Saturday, March 28, 2009
Cherry Blossom Festival Time in Washington DC
It's cherry blossom time in Washington D.C. Our family has a special affinity for this time of year in Washington DC because a member of our family was a Cherry Blossom Princess, representing Oregon, a few years ago and we all attended some of the festivities.
The National Cherry Blossom Festival is an annual celebration in Washington, D.C., from March 31st through April 15th, commemorating the March 27, 1912, gift to the city of Japanese cherry trees from Mayor Yukio Ozaki of Tokyo.
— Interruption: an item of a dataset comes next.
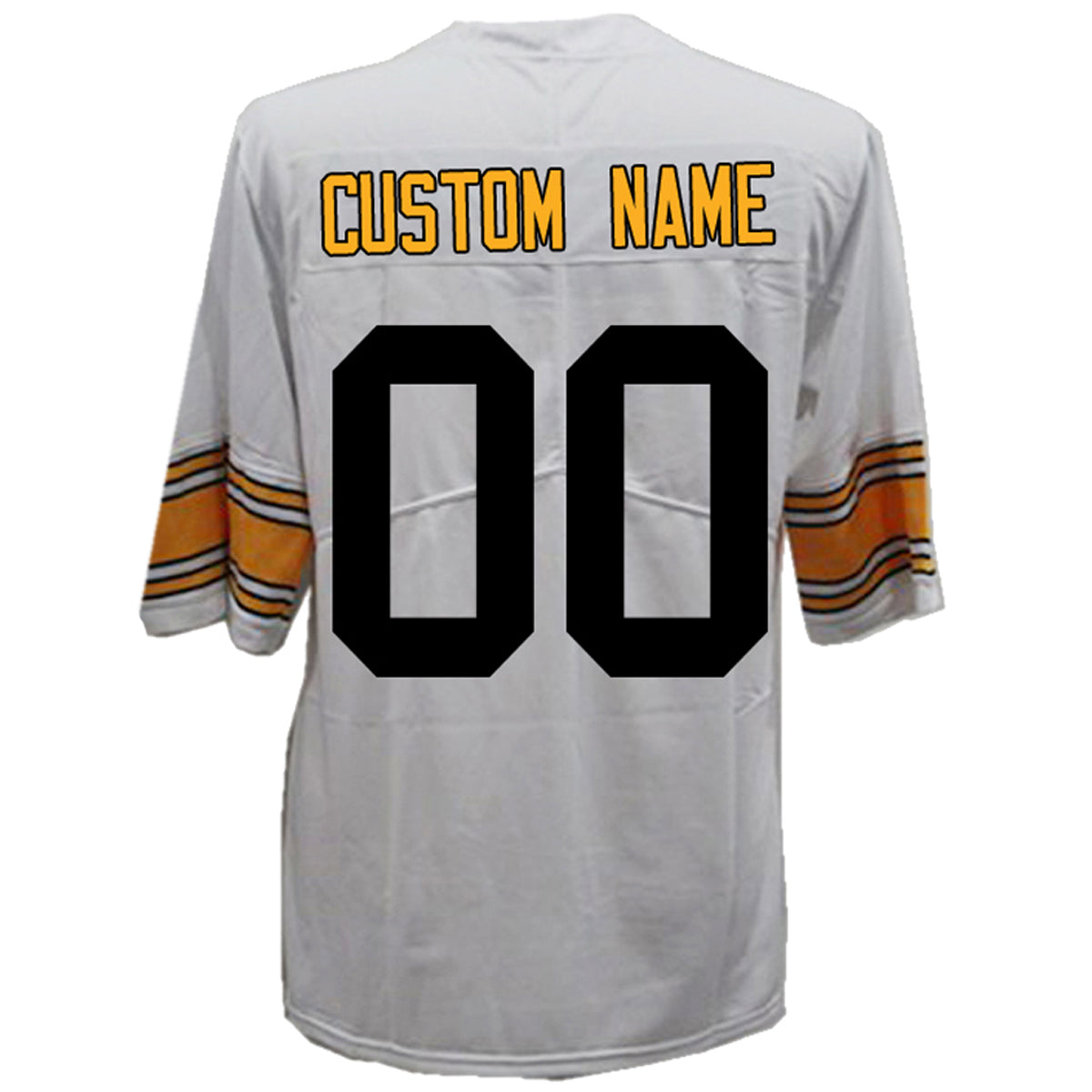 Custom 2022 PIT Football Shirt Top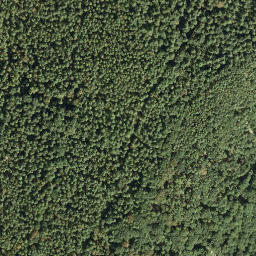 Satellite imagery of Weilerskopf, DE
Mayor Ozaki donated the trees in an effort to enhance the growing friendship between the United States and Japan and also celebrate the continued close relationship between the two peoples.
In a simple ceremony on March 27, 1912, First Lady Helen Herron Taft and Viscountess Chinda, wife of the Japanese ambassador, planted the first two of these trees on the north bank of the Tidal Basin in West Potomac Park. By 1915 the United States government had responded with a gift of flowering dogwood trees to the people of Japan. In 1927, a group of American school children reenacted the initial planting; the first festival was held in 1935, sponsored by civic groups in the nation's capital.
Three thousand, eight hundred more trees were accepted in 1965 by First Lady Lady Bird Johnson. In 1981 the cycle of giving came full circle. Japanese horticulturalists came to take cuttings from our trees to replace Yoshino cherry trees in Japan which had been destroyed in a flood. With this return gift, the trees again fulfilled their roles as a symbol and agent of friendship. The most recent event in this cycle occurred in the fall of 1999. It involved the formal planting in the Tidal Basin of a new generation of cuttings from a famous Japanese cherry tree in Gifu province reputed to be over 1500 years old.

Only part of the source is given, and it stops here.